Nathaniel Veltman, 23, was found guilty in November of four counts of first-degree murder and one count of attempted murder for hitting the Afzaal family with his truck while they were out for a walk in London, Ont., on June 6, 2021.

His trial was heard in Windsor, Ont., but the sentencing proceedings, including victim impact statements, are taking place in London.

Through dozens of wrenching statements, the victims have been remembered as warm and generous people by relatives in Canada and abroad.

Forty-six-year-old Salman Afzaal; his 44-year-old wife, Madiha Salman; their 15-year-old daughter, Yumna; and her 74-year-old grandmother, Talat Afzaal, were killed, while the couple’s nine-year-old son was seriously hurt but survived.

The family had moved to Canada from Pakistan in 2007.

Mr. Veltman said he targeted them with his black pickup truck because he believed they were Muslim based on their clothing and Salman Afzaal’s beard.

In a statement read in court by the Crown, Madiha Salman’s cousin Omar Ahmed, who lives in Pakistan, said he grew up watching relatives move to western countries to pursue better opportunities.

“The American Canadian dream was the end goal,” he told the court. “But this is how the dream ends.”

Canada’s Special Representative on Combatting Islamophobia, Amira Elghawaby, has been in London to observe the hearing.

In a statement, she said “Canada has had the highest number of targeted deadly attacks against Muslims of any other G7 country.”

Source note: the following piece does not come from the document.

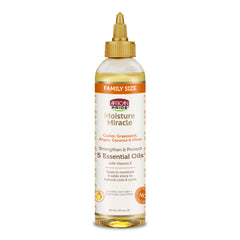 African Pride front bottle image showing moisturizing oil benefits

She described Mr. Veltman’s killings as “the second mass attack against Muslims in Canada,” after the 2017 Quebec City mosque shooting that killed six men.

“The shock, horror, and dismay that Islamophobia can become deadly is a realization that many Canadian Muslims have had to grapple with for years,” Ms. Elghawaby said.

A school friend of Yumna’s, Maryam Alsabawi, told the court that she never imagined her teenage years would “be spent fighting hate and Islamophobia.”

“We didn’t just lose Yumna and her beautiful family, but we lost our sense of belonging our sense of community, our sense of safety, our sense of self,” Ms. Alsabawi said.

She told the court that she and Yumna would often talk about their shared plans for the future.

“I miss her contagious laughter, her smile, her kindness, her sense of humour. I miss going on walks with her. And I especially miss receiving her 3 a.m. texts about the most random things,” Ms. Alsabawi said.

Another friend of Yumna’s recounted the agonizing hours after the attack when she tried to convince herself that her friend was OK.

“I texted her finally saying these exact words. ‘Hey, there’s a family in your area, they’re saying Pakistani, hit by a car and left to die. I just want to make sure it wasn’t you and your family.’ I genuinely believe she was going to answer.”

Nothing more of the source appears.